It would be nice to automatically convert documents in
FileAttachments from their native formats to
HTML. This could be done at the time of uploading the file; or in a lazy way - at the time of accessing the
HTML equivalent for the first time. The
HTML format has the added advantage that search could include file attachments as well.
Previously I was already considering automatic conversion of Word, Power Point and Excel files to
HTML format so that attachments could be retrieved in the original format or in a - somewhat degraded -
HTML format. At that time I could not find any free software that was suitable, or had an acceptable conversion quality. Ideally the conversion utility would be in Perl - for portability reasons. Simple C with not too many system or library dependencies would be acceptable too.
--
PeterThoeny - 09 Apr 2000
Checkout wvHtml at
http://www.wvware.com
- its standard with most linux distros now, and does quite a good job - you can even convert inline graphics to gif/jpg if you must...
--
CrisBailiff - 13 Feb 2001
Thanks for the pointer. By coincidence I got the same pointer by Matt Sergeant, director and CTO of
http://axkit.org/
. Another library to investigate is the file conversion part of Sun's
OpenOffice suite (formerly StarOffice).
For now we should first tackle
AttachmentsUnderRevisionControl.
--
PeterThoeny - 18 Feb 2001
Cool. Hmm. Looks like we'd look for a wvTwiki ;^)
--
MartinCleaver - 26 Mar 2001
wvTWiki: Yes please! 
I've been spent the last four hours "porting" old system docs, many of which are already in html to
TWikiShorthand. I have barely scratched the surface and am begining to wonder if it's really worth it.

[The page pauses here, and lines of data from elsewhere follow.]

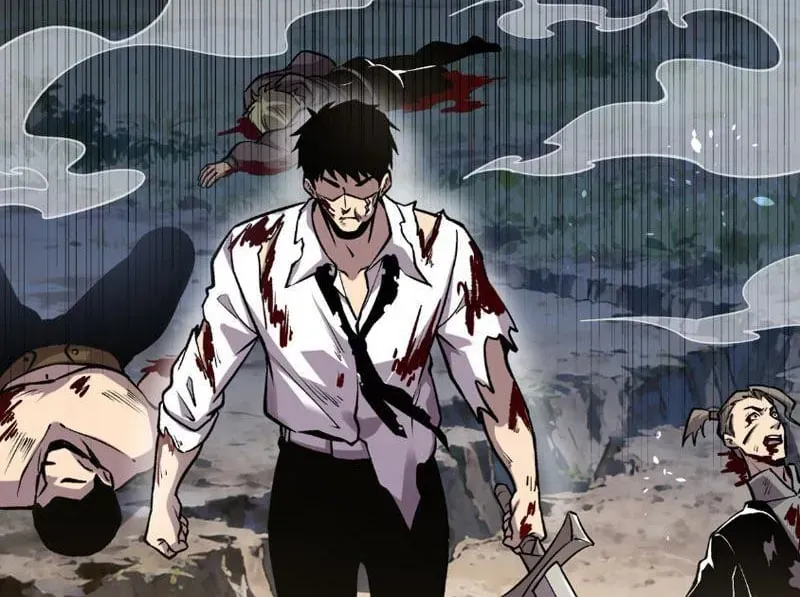 Vô Địch Bị Động Tạo Ra Tấn Sát Thương Chap 165 - Next Chap 164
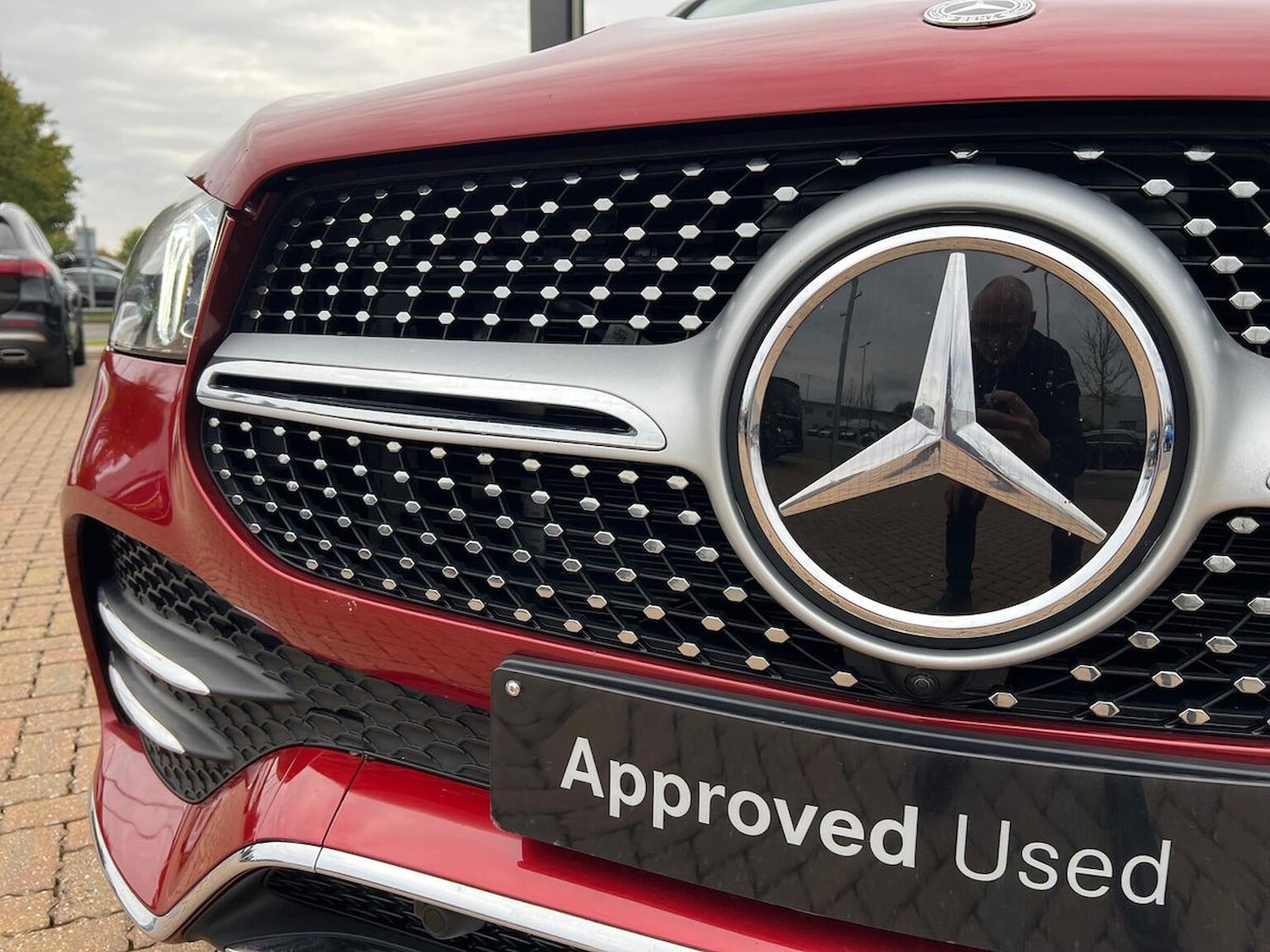 Used Mercedes-Benz GLE-Class 2023 for sale - 76134211: Photo 33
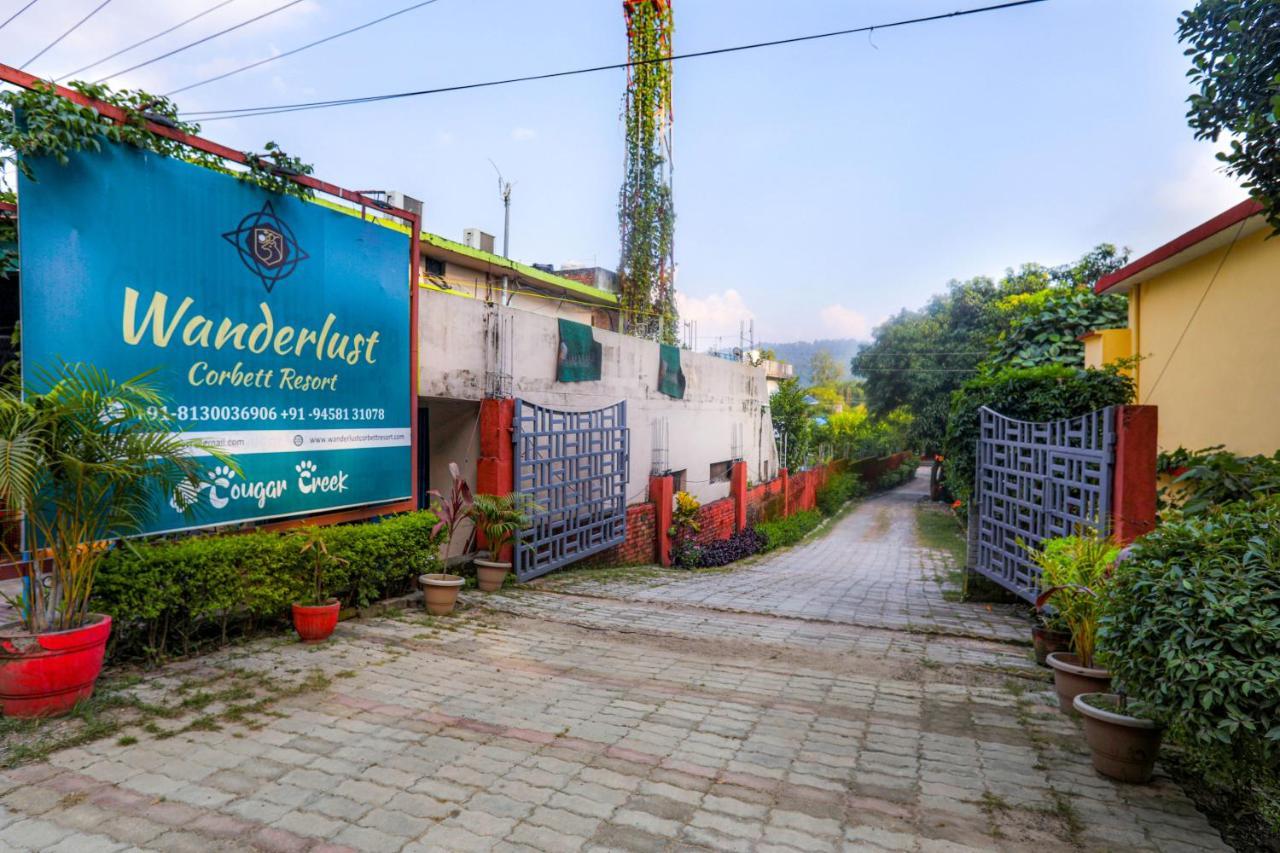 Wanderlust Corbett Resort Garjia Экстерьер фото
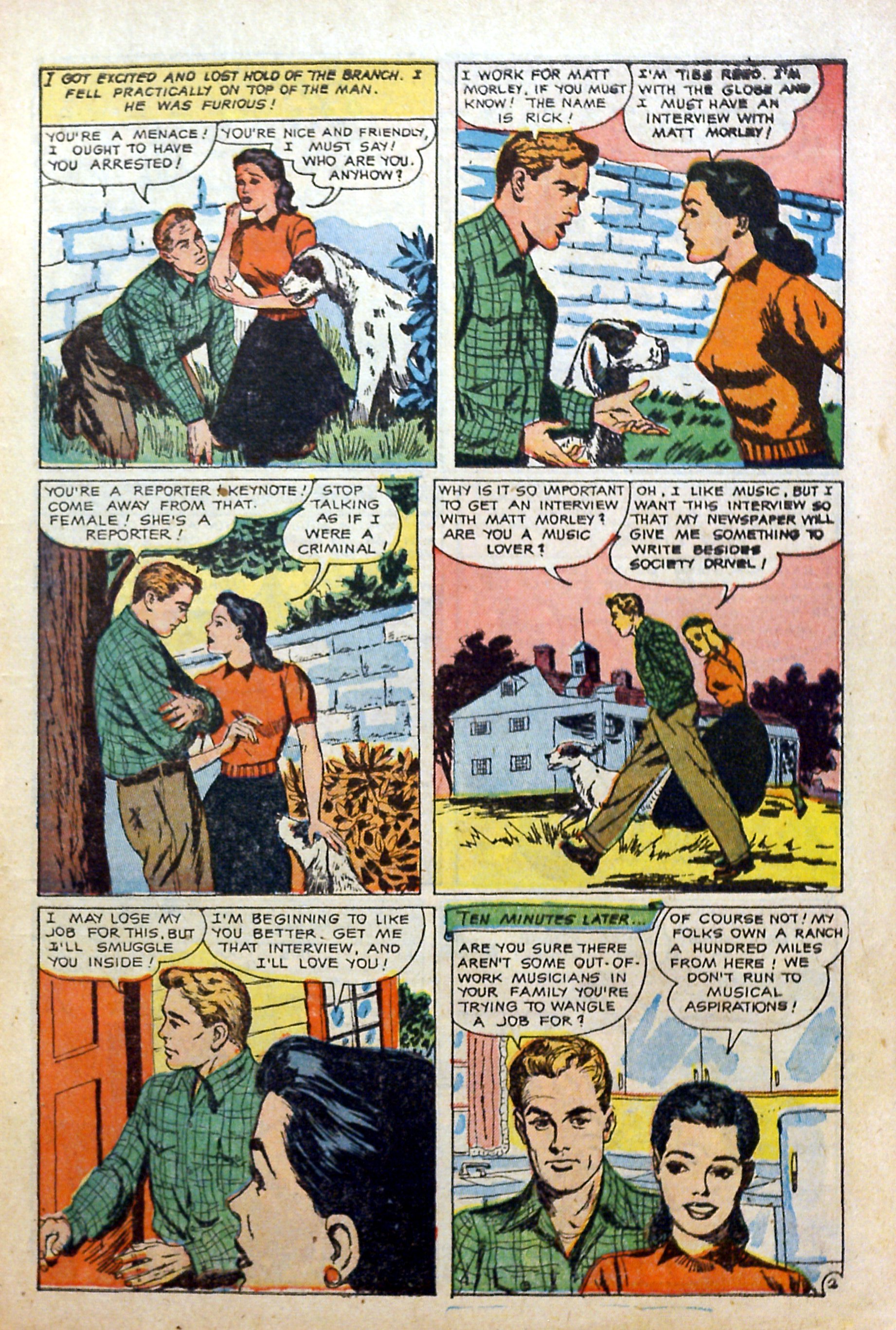 Read online Love at First Sight comic -  Issue #14 - 11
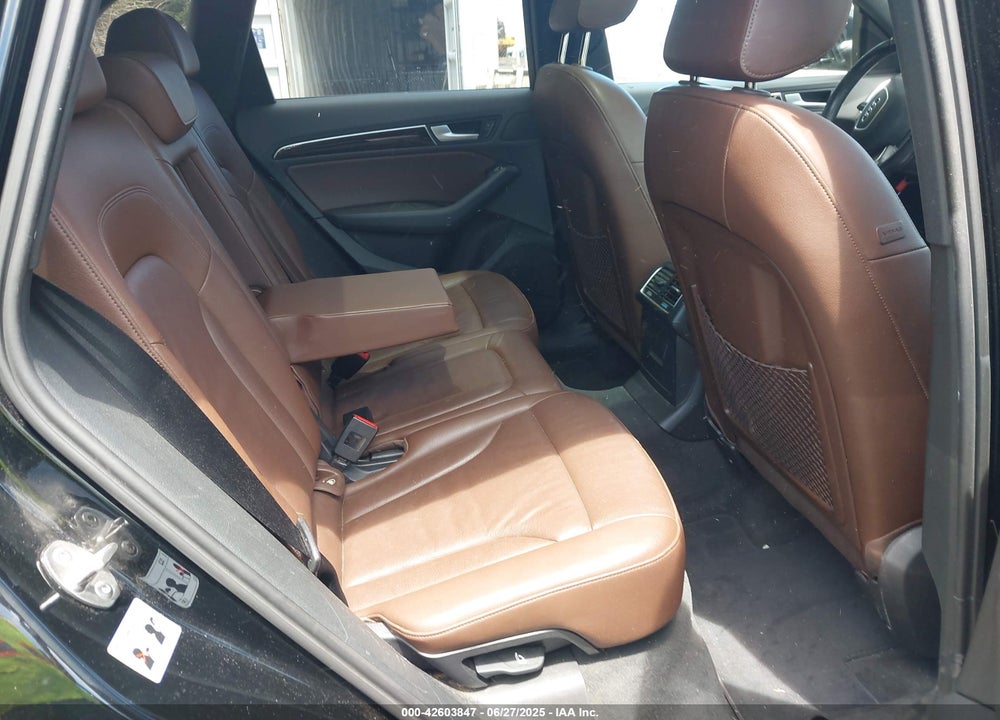2014 AUDI Q5 VIN: WA1CFAFP6EA123366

Why convert docs which are already in html to wiki you ask? Because raw html is hard to edit in the little edit form, especially if it's polluted with many many gratuitous font tags. This means that even though the old docs can be viewed painlessly in TWiki, they are not likely to get updated, thereby losing the main reason for bringing them in in the first place.
--
MattWilkie - 25 Oct 2001
Quick list of conversion programs:
- xlHtml
- for Excel documents
- wvware
- a library which allows access to Microsoft Word files. It can load and parse Word 2000, 97, 95 and 6 file formats
- catdoc & xls2csv
- convert Word to plain text and Excel to comma separated ascii (csv)
- xpdf
- view/convert pdf to text
As part of changes I made to the
TocPlugin, and some scripts to support it, I am using htmldoc to automatically convert sets of TWiki pages into large PDF files. Importing word documents is time consuming, although I've had fairly good success using "copy" and "paste" to move masses of text into the TWiki edit boxes. Tables are slow (inserting all the vertical bar characters), but the results are good.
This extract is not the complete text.